Problem details: Return every record below exactly; leave out the images.

Provided information:

⟨

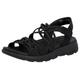 Sandale RIEKER EVOLUTION Gr. 37, schwarz Damen Schuhe Sandalen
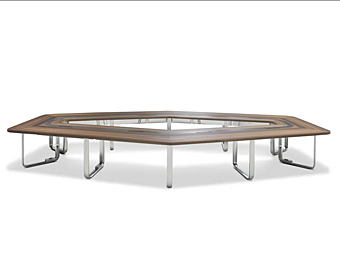 Modularer Holztisch für Besprechungen mit Kabelmanagement i 4 Mariani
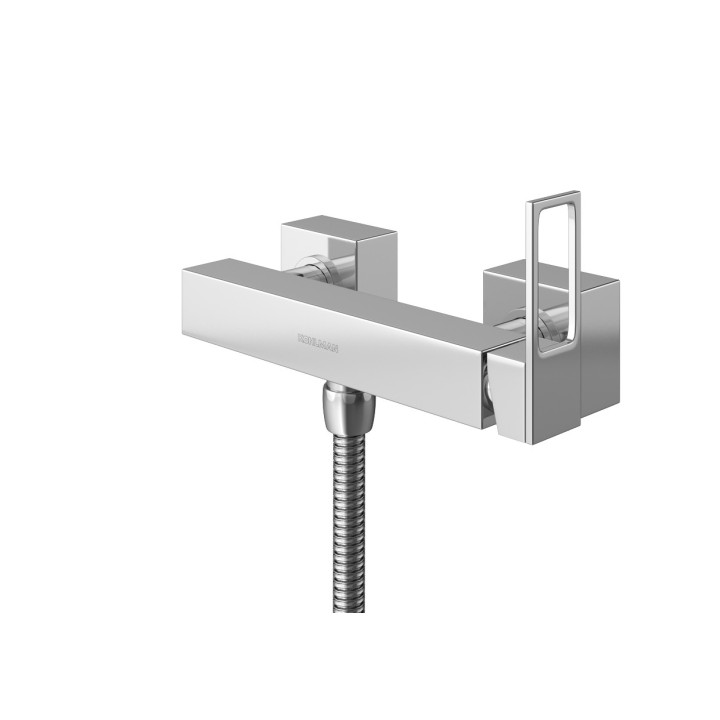Bateria prysznicowa Kohlman Boxine, natynkowa, 1 wyjście wody, chrom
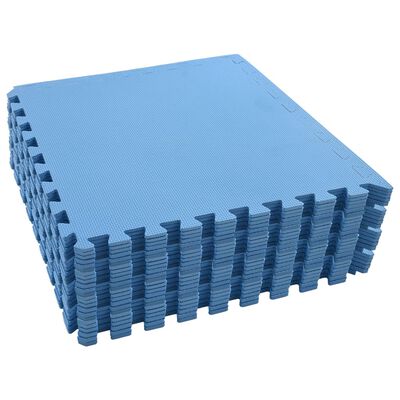 vidaXL põrandamatid 24 tk 8,64 ㎡ EVA-vaht, sinine
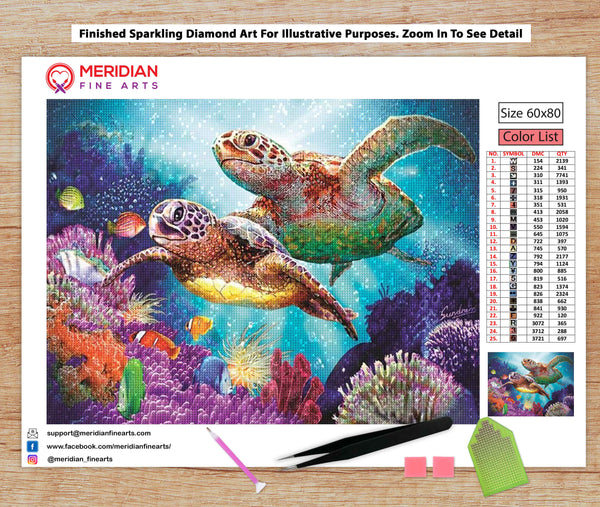 Sea Turtles - Diamond Art Kit – Meridian Fine Arts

⟩

Reply to the exercise:
 Sandale RIEKER EVOLUTION Gr. 37, schwarz Damen Schuhe Sandalen
 Modularer Holztisch für Besprechungen mit Kabelmanagement i 4 Mariani
Bateria prysznicowa Kohlman Boxine, natynkowa, 1 wyjście wody, chrom
 vidaXL põrandamatid 24 tk 8,64 ㎡ EVA-vaht, sinine
 Sea Turtles - Diamond Art Kit – Meridian Fine Arts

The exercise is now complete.